MY PROJECT:IT IS all a myth. Women are just as capable of reading maps and giving directions as men, according to young scientist Anna McNamara-Taylor.
“It has been built up as a stereotype,” said the 14-year-old third year student from Scoil Mhuire Gan Smal in Blarney, Co Cork.
She conducted a battery of tests to measure map reading, the ability to give directions and how to work with grid co-ordinates. "I found that overall it was down to stereotyping and strategy. The males and females got exactly the same marks." This is Anna's first entry to the BT Young Scientist and Technology Exhibitionand she is already a fan just a day into the event: "I would definitely recommend it. It definitely opened up my mind."
She is also happy to have revealed a falsehood through her research. Asked why this stereotype exists, she put it down to the days when the men went out to kill animals and the women kept things going at home. “I think it was from the hunter gatherer stage.”
As part of her project she also looked at famous explorers and found it revealing. When Spanish conquistador Hernando Cortes pushed into unexplored Mexico he took a woman as a guide, Anna said. And US explorers of the Louisiana Purchase, Lewis and Clark, depended on native American woman Sacagawea as a guide.
Anna asked 10 male and 10 female fifth-year students to do map reading and direction giving tests.

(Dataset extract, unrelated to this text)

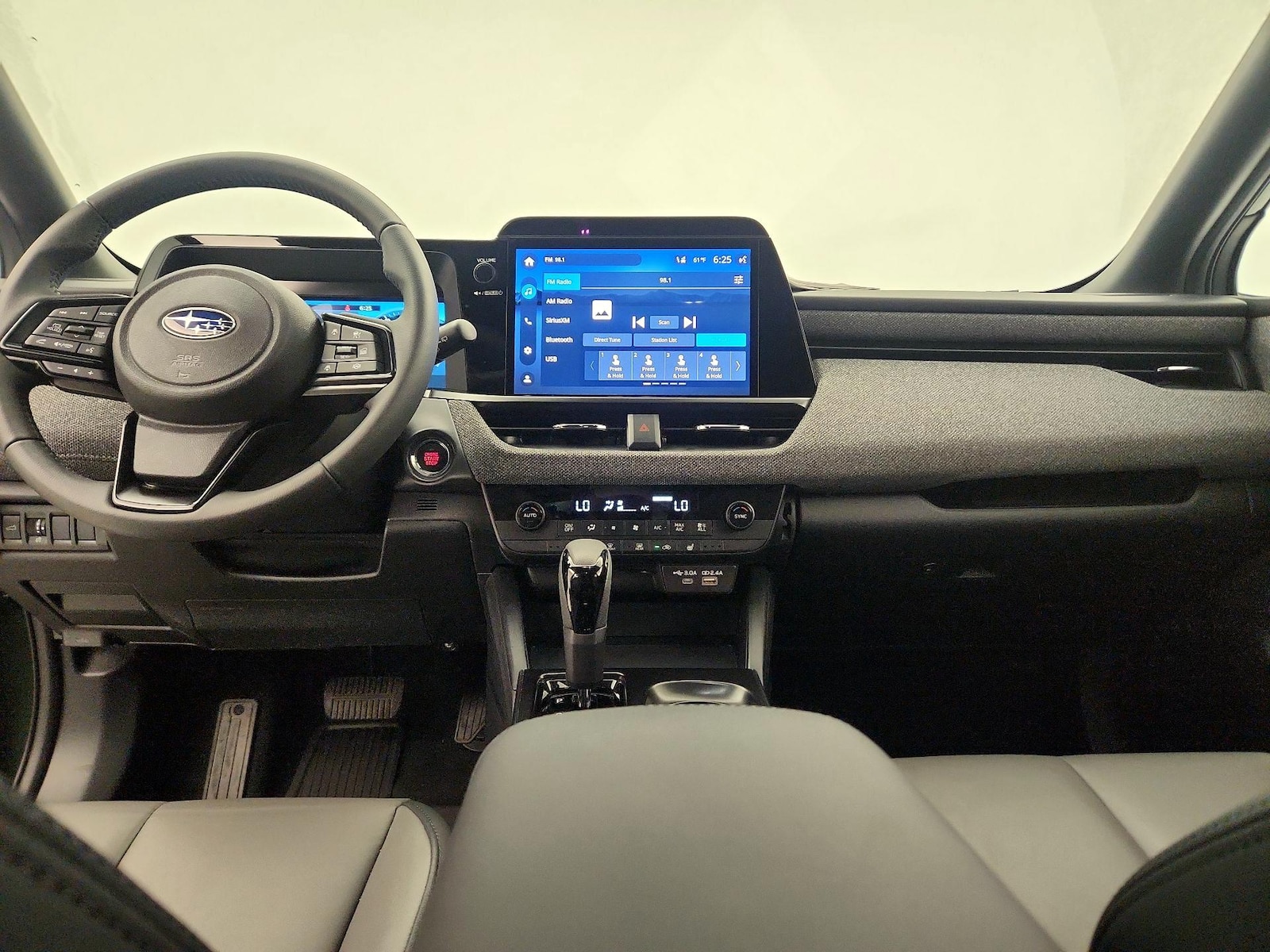 Apple CarPlay® & Android Auto™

She worked out a grading system with her geography teacher and marked participants on the quality of their answers.
She said she was struck with the view taken by some of the females that the tests were beyond them, insisting they couldn’t read maps. Yet they scored the same marks as the males.
The main differences were in how the directions were communicated, she said.
The males give straightforward information – turn right, turn left. But the females tended to embellish directions, giving extra details of what might be at a corner where a turn must be made.